The LST-523 mission was to deliver supplies at the Normandy beachhead and remove the wounded. It never got there.
The vessel struck an underwater mine and sank off the coast. Of the 145 Navy crew members, 117 were found perished. Survivors’ accounts speak of a major storm on the Channel with pitched waves that tossed the boat mercilessly before the explosion that shattered the vessel.
While his brother Louie’s body was soon found, identified and laid to rest, Julius’ remains were only recovered in 1961 by French salvage divers who found them in the vessel’s radio room. He was interred as an “Unknown” at the Ardennes American Cemetery in Neuville, Belgium, also devoted to the fallen of World War II, in the region that saw the bloody Battle of the Bulge.

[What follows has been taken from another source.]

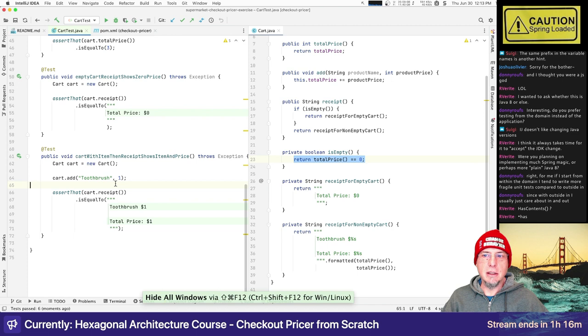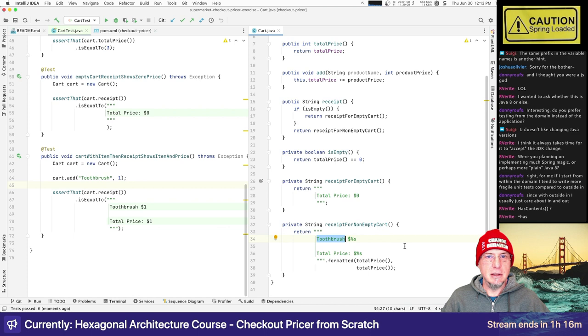After flipping the condition so it reads 'if isEmpty, return receiptForEmptyCart,' all tests pass. We can verify: changing back to 'greater than zero' causes tests to fail, so we know we've captured this correctly. It does mean we're defining isEmpty based on totalPrice, which at some point may not be correct — but it works for now. Let me commit.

Julius’ remains might have stayed among those of 13 other troops from the doomed LST-523 still resting unidentified at the Ardennes cemetery. But in 2017, a U.S. agency that tracks missing combatants using witness accounts and DNA testing identified him.
The Pieper family asked that Louie’s grave in Normandy be relocated to make room for his twin brother at his side.
“They are finally together again, side by side, where they should be,” said their niece, Susan Lawrence, 56, of California.
We honor you, Julius Pieper.

(Submission by: Miah Parry. #Repost @MSN news)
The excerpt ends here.